MongoDB enforces a 100MB memory limit per stage in aggregation pipelines to prevent runaway queries from consuming excessive server resources. When a $group stage processes large datasets and accumulates more than 100MB of data in memory, it needs to spill temporary data to disk. If the allowDiskUse option is not enabled (the default in many MongoDB versions and drivers), the aggregation fails with this error. The PlanExecutor is the component that executes the query plan. When it detects that the $group operation has exceeded the memory threshold and external sorting to disk is not permitted, it immediately terminates the operation to protect server stability. This error is particularly common with grouping operations on large collections, especially when using accumulators like $push, $addToSet, or complex $group expressions that create large intermediate result sets.
The primary solution is to enable the allowDiskUse option, which allows MongoDB to write temporary files to disk when memory limits are exceeded:
// MongoDB Node.js driver
db.collection('myCollection').aggregate([
{ $group: { _id: '$category', total: { $sum: '$amount' } } }
], { allowDiskUse: true });
// Mongoose
MyModel.aggregate([
{ $group: { _id: '$category', total: { $sum: '$amount' } } }
]).allowDiskUse(true);
// MongoDB shell
db.myCollection.aggregate([
{ $group: { _id: '$category', total: { $sum: '$amount' } } }
], { allowDiskUse: true });This enables MongoDB to spill data to the _tmp directory within your data directory when memory limits are exceeded.

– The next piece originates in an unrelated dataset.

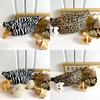 Cute Lightweight Cartoon Kids Chest Bag With Trendy Leopard And Zebra Patterns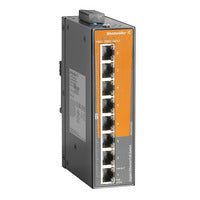 Weidmuller Network switch, unmanaged PoE, 8x RJ45 ports Weidmuller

Review your aggregation pipeline to minimize memory consumption:
// Instead of accumulating all items:
db.collection.aggregate([
{ $group: {
_id: '$userId',
items: { $push: '$$ROOT' } // Stores entire documents
}
}
]);
// Only accumulate necessary fields:
db.collection.aggregate([
{ $group: {
_id: '$userId',
items: { $push: { id: '$_id', name: '$name' } } // Only needed fields
}
}
]);
// Or use $count instead of $push when possible:
db.collection.aggregate([
{ $group: {
_id: '$userId',
itemCount: { $sum: 1 }
}
}
]);Reduce the dataset size before grouping by adding $match stages early in the pipeline:
db.collection.aggregate([
// Filter first to reduce data volume
{ $match: {
createdAt: { $gte: new Date('2024-01-01') },
status: 'active'
}
},
// Then group on smaller dataset
{ $group: {
_id: '$category',
total: { $sum: '$amount' }
}
}
], { allowDiskUse: true });Placing $match stages before $group leverages indexes and significantly reduces memory usage.

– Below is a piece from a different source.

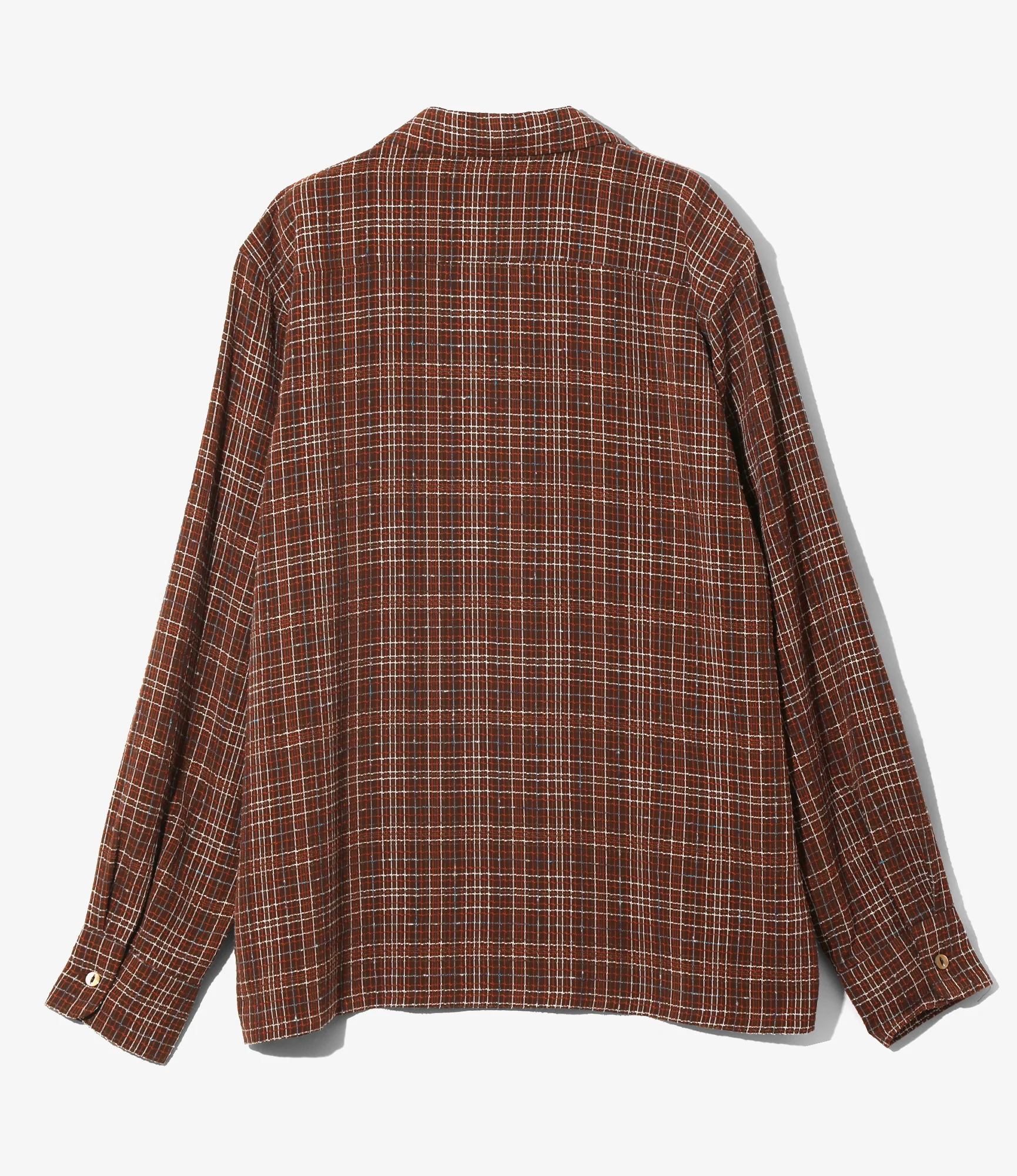 Classic Shirt – Brown Grid Dobby - Image 3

If you're using MongoDB Atlas, verify your cluster tier supports allowDiskUse for aggregations:
- M0/M2/M5 (free/shared tiers): Limited or no support for allowDiskUse
- M10 and above: Full support for allowDiskUse
If you're on a lower tier and still experiencing this error with allowDiskUse enabled, you may need to upgrade to M10 or higher:
# Check your current cluster tier in Atlas dashboard
# Clusters → [Your Cluster] → ConfigurationAlternatively, optimize your query further or process data in smaller batches.
If grouping creates too many distinct groups, use $bucketAuto to limit the number of output buckets:
db.collection.aggregate([
{ $bucketAuto: {
groupBy: '$timestamp',
buckets: 10, // Limits to 10 groups
output: {
count: { $sum: 1 },
avgAmount: { $avg: '$amount' }
}
}
}
], { allowDiskUse: true });This automatically distributes documents into a specified number of buckets, preventing memory explosion from high-cardinality grouping.

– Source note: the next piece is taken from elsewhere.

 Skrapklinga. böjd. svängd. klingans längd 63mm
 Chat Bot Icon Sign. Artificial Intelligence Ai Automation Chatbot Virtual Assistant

In MongoDB 6.0+, you can set allowDiskUseByDefault as a server parameter to enable disk usage globally without specifying it in each query. However, be aware that using disk storage significantly impacts performance due to I/O overhead - aggregations can be 10-100x slower when spilling to disk. For production systems, it's better to optimize queries to avoid disk usage when possible.
Some operators like $push and $addToSet have additional memory considerations. Even with allowDiskUse enabled, individual array accumulations are still subject to the 16MB BSON document size limit. If you're building arrays that approach this limit, consider alternative approaches like storing references instead of full documents, or using separate queries.
For recurring aggregations on large datasets, consider using views with pre-aggregated data, scheduled batch jobs that process data in chunks, or MongoDB's change streams to maintain materialized aggregations incrementally.